N'hésitez pas à utiliser des références contemporaines pour relier les textes étudiés en classe à l'actualité.

Sur son compte Instagram les.caractères, la comédienne et scénariste Lison Daniel renoue avec la tradition classique en proposant des portraits de types contemporains : Jérôme le coach sportif, Gaëtan le professeur de théâtre, Rébecca la trentenaire parisienne… Derrière des filtres déformants, se retrouvent les mêmes travers que ceux pointés par son illustre prédécesseur littéraire. Ainsi, Julien de Marseille « désire au-delà de sa portée » comme Télèphe dans Les Caractères (remarque 141).

Doit-on considérer dès lors que les écrits des moralistes ne sont voués qu'à décrire un organe « vide et plein d'ordure », comme l'écrit Pascal dans ses Pensées ? Aucun progrès n'est-il envisageable pour le cœur humain ?

II. La perfectibilité : un trait essentiel de l'homme.

Si l'on peut discerner des traits permanents chez les hommes, il nous semble néanmoins que l'aptitude de l'être humain à s'améliorer constitue l'une de ses caractéristiques essentielles. Dans son traité intitulé Émile ou De l'éducation, le philosophe des Lumières Jean-Jacques Rousseau affirme que la capacité de l'homme à se perfectionner, le hisse au-dessus de la condition animale. La perfectibilité serait inscrite dans la nature humaine et apparaîtrait comme l'instrument de sa réforme. Cette qualité proprement humaine s'observe notamment dans le domaine du sport : par l'entraînement, l'effort, la volonté, le sportif améliore ses performances et ses résultats.

En nous invitant à porter un regard clairvoyant sur nous-mêmes, la littérature peut nous engager à devenir meilleurs. L'ambition du moraliste, par exemple, est de nous faire prendre conscience de nos défauts, mais c'est également l'objectif qui anime un dramaturge tel que Molière lorsqu'il offre une satire des travers humains afin d'inciter l'homme à se corriger.

Pour autant, il ne s'agit pas de nier notre nature première et immuable mais d'en cultiver une seconde, celle de notre être social. C'est, pour l'homme, l'occasion de développer des vertus morales telles que la modestie ou la tempérance, souvent louées par les écrivains.

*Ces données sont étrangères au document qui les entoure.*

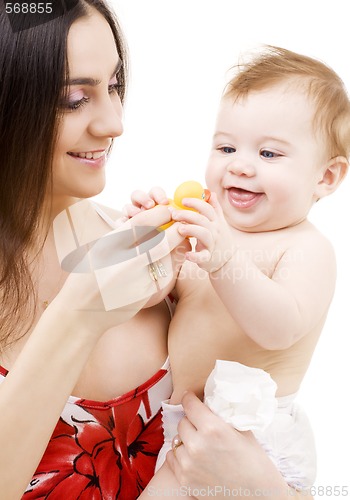 Image of baby boy in mother hands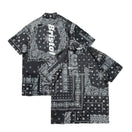 【ゴルフ】 ミドルネック 半袖 テック Tシャツ F.C.Real Bristol ペイズリー ブラック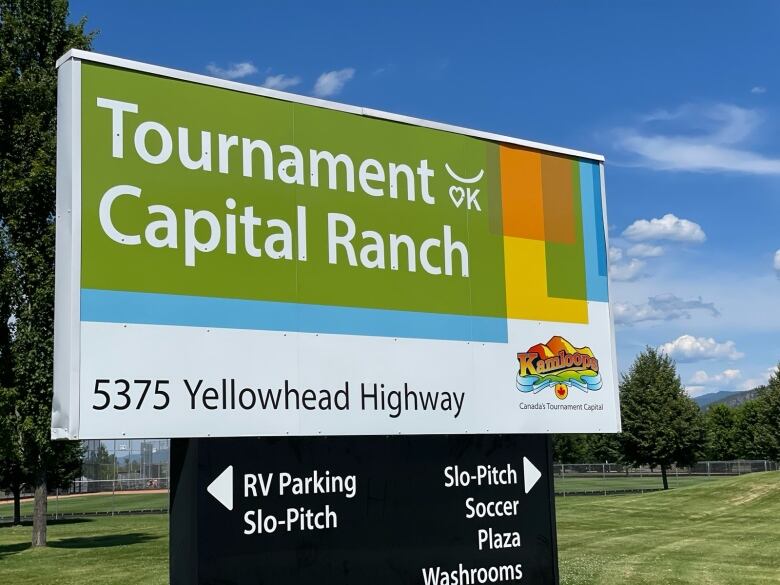 A sign reading 'Tournament Capital Ranch' is pictured outdoors, with an address pointing to 5375 Yellowhead Highway.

L'éducation joue, dans ce domaine, un rôle primordial : par la transmission de savoirs et de valeurs, l'apprentissage de savoir-faire et de manières d'être, l'homme perfectionne sa nature et développe ses talents. C'est ainsi que la politesse, qui pourrait être perçue comme de l'hypocrisie par La Bruyère, manifeste plutôt notre aptitude au respect mutuel.

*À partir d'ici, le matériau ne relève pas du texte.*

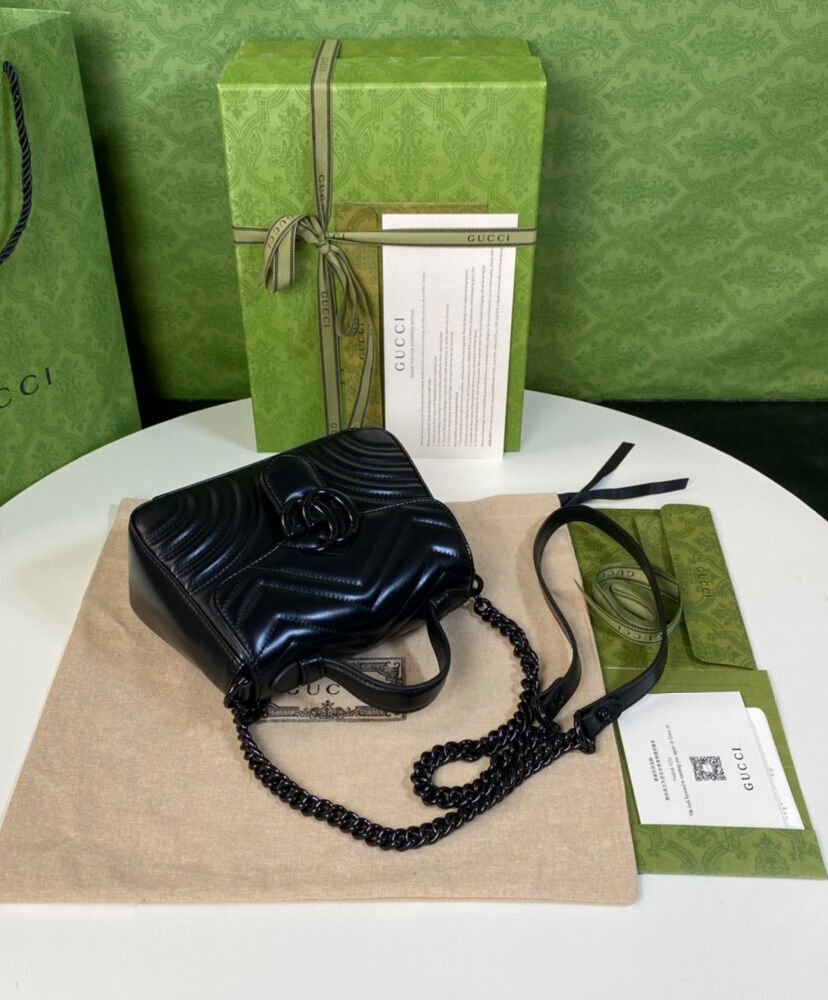 Gucci GG Marmont Mini Top Handle Bag Black - Image 5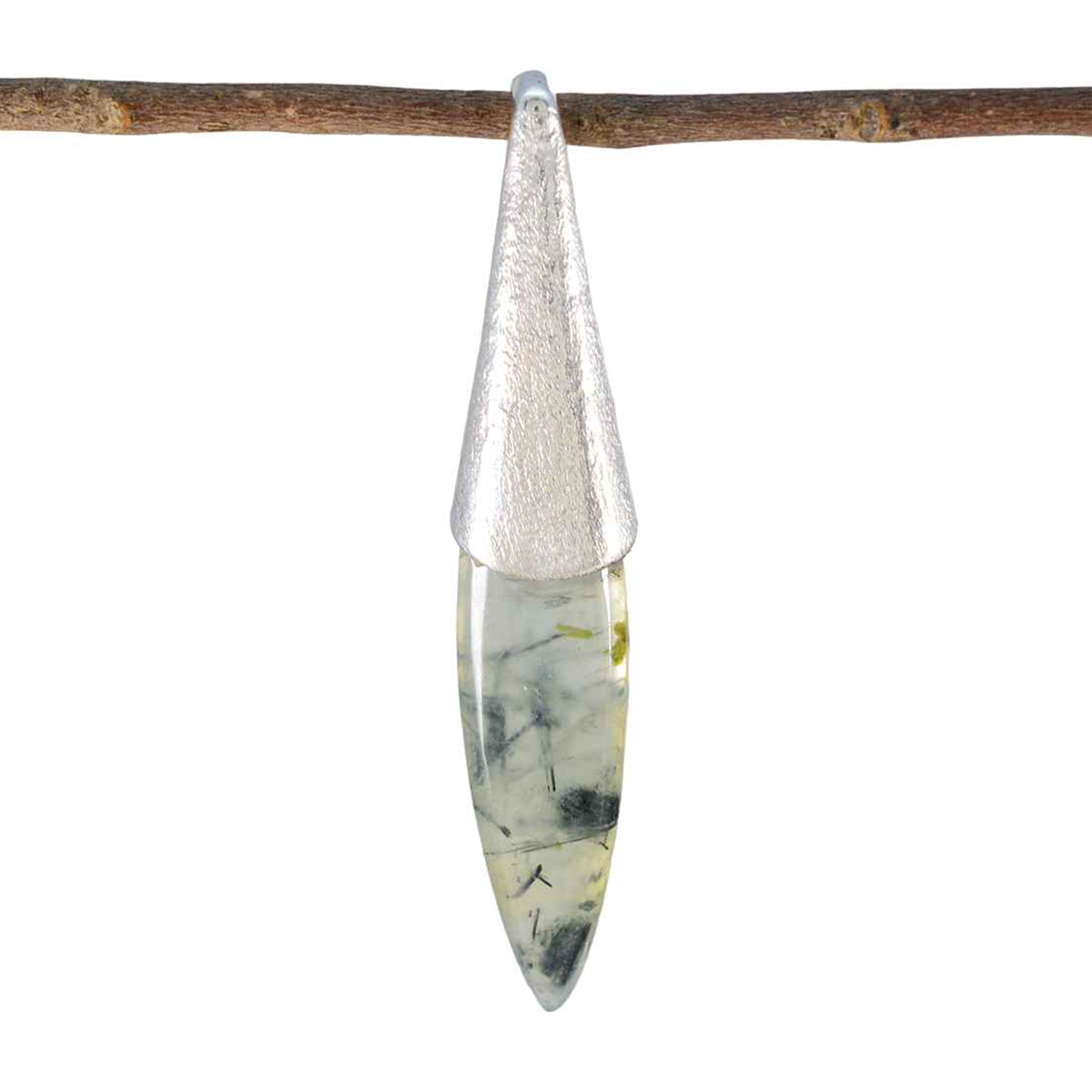Prehnite Tiny German 925 Silver Solitaire Light Green Pendant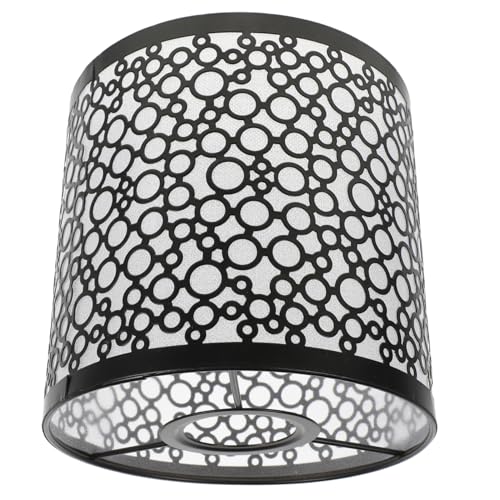 Homoyoyo Eisen Lampenschirm Vintage Stil Schwarzer Metall Lampenschirm für Hängelampe Einfacher Aufbau Langlebiger Tischlampenschirm Geeignet für Wohnzimmer Hotel Schlafzimmer Dekoration von Homoyoyo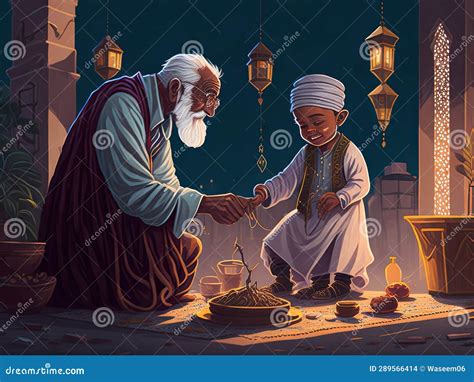 3d Illustration Muslim Old Man And Boy Eating Iftar Food In Mosque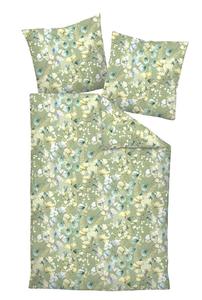 Janine Постельное белье из атласа, 155x220 см, зеленый с цветочным узором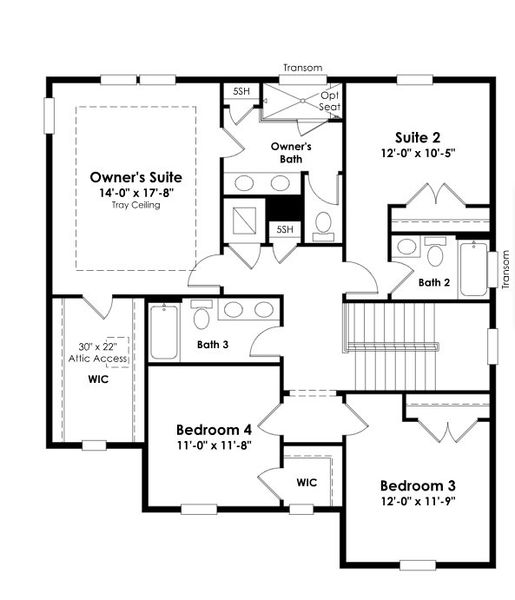 2D floor plan layout for the Seacrest by Kolter Homes in NatureWalk at Watersound Origins, Inlet Beach, FL (Image 4).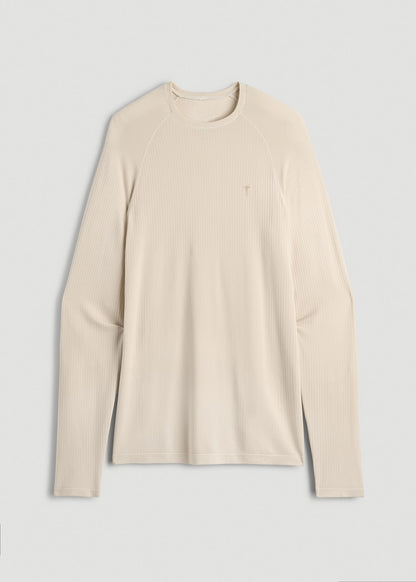Long Sleeve Vented Training Top for Tall Men in Vanilla Latte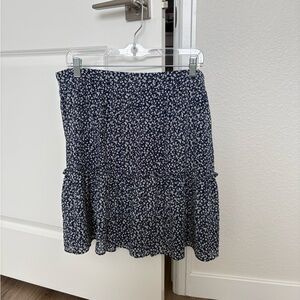 J. Crew Navy Floral A-Line Skirt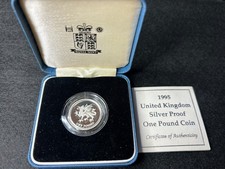 1995 Silver Proof One Pound Coin Original Presentation Box Cert Welsh Dragon £1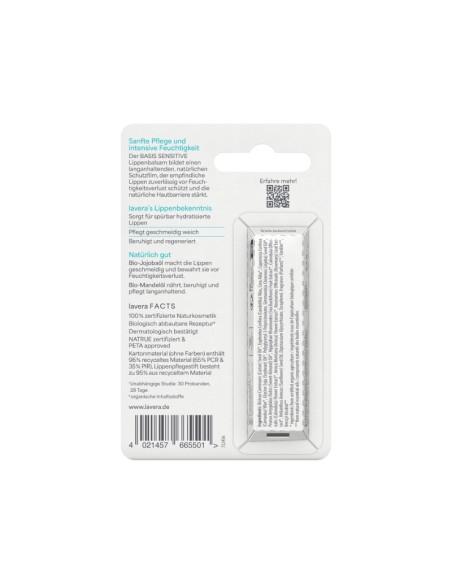 Bálsamo labial Basis Sensitive aceite de jojoba & almendras BIO lavera - INCI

Dans le champ de la création, l'art n'est pas une somme d'artifices, mais un reflet de l'intelligence et de la sensibilité humaines. Il constitue bien la preuve que nous sommes capables d'aller au-delà de notre nature, de notre instinct et de nos pulsions négatives pour atteindre le Beau.

Conclusion

La nature humaine semble bien présenter des traits constants dans le temps. Pourtant, la perfectibilité s'affirme également comme un trait propre à l'homme. Les écrivains, les sportifs et les artistes sont bien les témoins d'une humanité qui cherche à s'élever au-dessus de son état. Même l'artifice, tant décrié par La Bruyère, peut avoir une fonction positive chez certains écrivains. Dans un texte intitulé « Éloge du maquillage », publié dans Le Peintre de la vie moderne, Baudelaire soutient ainsi que l'artifice permet de corriger les imperfections de la nature pour s'approcher de la Beauté.